The GAIA spacecraft is currently mapping the stars in the Milky Way by parallax. It orbits in the Earth-Sun L2 lagrange point. The parallax observed from the spacecraft orbiting around the sun allows us to derive the distances to many stars in the milky way, as well as calculate their velocities.
Assuming no cost to placing such an observatory wherever we want around the sun, what would be the optimal orbit for optimal rate of science gains?
I apologise if this seems a big vague, let me elaborate.
If you imagine placing it in a smaller orbit, the parallax of distant stars (already very small) will be made even smaller. But information about the parallax will be returned quicker.
If you place the observatory in the orbit of Uranus, you'll have a much greater parallax and will be able to measure the distances of distant stars with much greater precision.

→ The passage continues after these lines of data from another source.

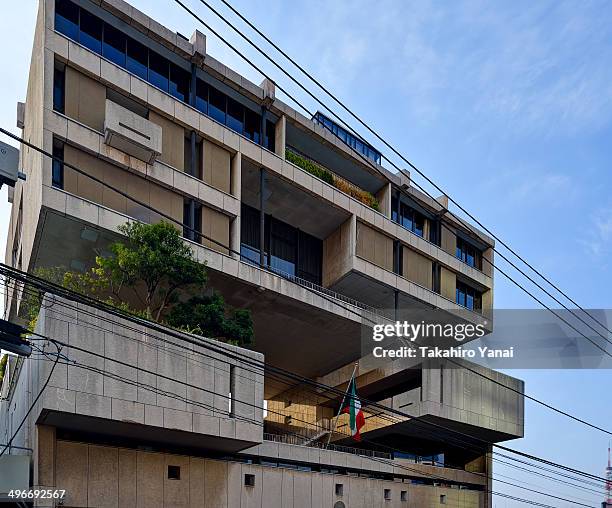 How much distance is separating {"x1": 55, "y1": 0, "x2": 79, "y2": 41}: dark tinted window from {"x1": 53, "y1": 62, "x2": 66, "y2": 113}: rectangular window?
1340 millimetres

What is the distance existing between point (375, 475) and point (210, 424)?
1293 cm

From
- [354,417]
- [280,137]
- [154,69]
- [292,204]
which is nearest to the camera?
[154,69]

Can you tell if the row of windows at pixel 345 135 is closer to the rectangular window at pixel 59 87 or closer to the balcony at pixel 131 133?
the balcony at pixel 131 133

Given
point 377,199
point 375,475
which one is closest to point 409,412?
point 375,475

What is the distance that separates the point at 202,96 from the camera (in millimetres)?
32500

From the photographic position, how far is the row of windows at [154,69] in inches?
1120

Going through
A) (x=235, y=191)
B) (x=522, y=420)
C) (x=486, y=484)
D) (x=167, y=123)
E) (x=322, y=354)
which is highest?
(x=167, y=123)

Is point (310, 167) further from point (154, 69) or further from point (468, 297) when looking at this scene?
point (468, 297)

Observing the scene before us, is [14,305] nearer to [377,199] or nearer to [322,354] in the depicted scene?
[322,354]

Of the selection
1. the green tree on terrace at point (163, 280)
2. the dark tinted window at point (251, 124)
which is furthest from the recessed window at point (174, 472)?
the dark tinted window at point (251, 124)

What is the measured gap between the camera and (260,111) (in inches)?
1361

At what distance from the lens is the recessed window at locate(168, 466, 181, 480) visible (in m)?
25.2

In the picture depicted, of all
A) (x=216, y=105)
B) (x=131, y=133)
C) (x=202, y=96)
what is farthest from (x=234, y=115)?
(x=131, y=133)

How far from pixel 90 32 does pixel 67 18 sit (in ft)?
3.28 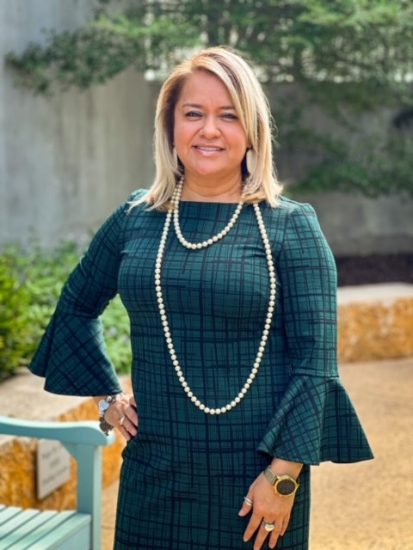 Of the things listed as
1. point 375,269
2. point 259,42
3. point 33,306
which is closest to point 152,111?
point 259,42

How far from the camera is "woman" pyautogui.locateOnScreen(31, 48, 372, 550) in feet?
7.82

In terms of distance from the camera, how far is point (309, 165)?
391 inches

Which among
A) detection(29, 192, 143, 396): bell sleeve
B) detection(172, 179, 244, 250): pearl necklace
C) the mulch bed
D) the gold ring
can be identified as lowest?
the mulch bed

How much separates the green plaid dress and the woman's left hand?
0.11 feet

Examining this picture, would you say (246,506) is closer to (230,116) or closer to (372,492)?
(230,116)

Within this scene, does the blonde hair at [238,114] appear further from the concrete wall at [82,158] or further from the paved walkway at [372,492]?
the concrete wall at [82,158]

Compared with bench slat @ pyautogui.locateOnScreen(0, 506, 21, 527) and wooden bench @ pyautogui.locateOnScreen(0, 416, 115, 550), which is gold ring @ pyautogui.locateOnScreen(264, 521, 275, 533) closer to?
wooden bench @ pyautogui.locateOnScreen(0, 416, 115, 550)

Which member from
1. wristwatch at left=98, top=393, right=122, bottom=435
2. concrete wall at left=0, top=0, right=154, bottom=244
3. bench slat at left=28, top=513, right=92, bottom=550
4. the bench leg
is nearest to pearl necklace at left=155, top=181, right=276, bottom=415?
wristwatch at left=98, top=393, right=122, bottom=435

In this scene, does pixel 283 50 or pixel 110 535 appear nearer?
pixel 110 535

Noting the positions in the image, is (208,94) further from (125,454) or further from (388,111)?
(388,111)

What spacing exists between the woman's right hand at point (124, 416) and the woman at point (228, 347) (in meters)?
0.04

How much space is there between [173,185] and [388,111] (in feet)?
25.5

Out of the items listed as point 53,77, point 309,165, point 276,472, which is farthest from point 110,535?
point 309,165

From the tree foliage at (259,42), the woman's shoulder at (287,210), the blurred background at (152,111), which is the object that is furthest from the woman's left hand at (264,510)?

However, it will take 80 years to complete an orbit, and the rate of distance measuring would be intolerably slow.
Intuitively, I feel like there is some obvious sweet spot that would produce measurements at an acceptable rate, though I also feel like my objective function here is ill-defined.
Would a highly eccentric orbit be preferred to a circular one? Would a particular orbit optimise the 'science gains' for one particular aspect at the expense of others (such as accuracy of nearby stars traded for accuracy of distant stars, or accuracy of stellar proper motion)? If there are multiple objectives to optimise, what would the tradeoffs be?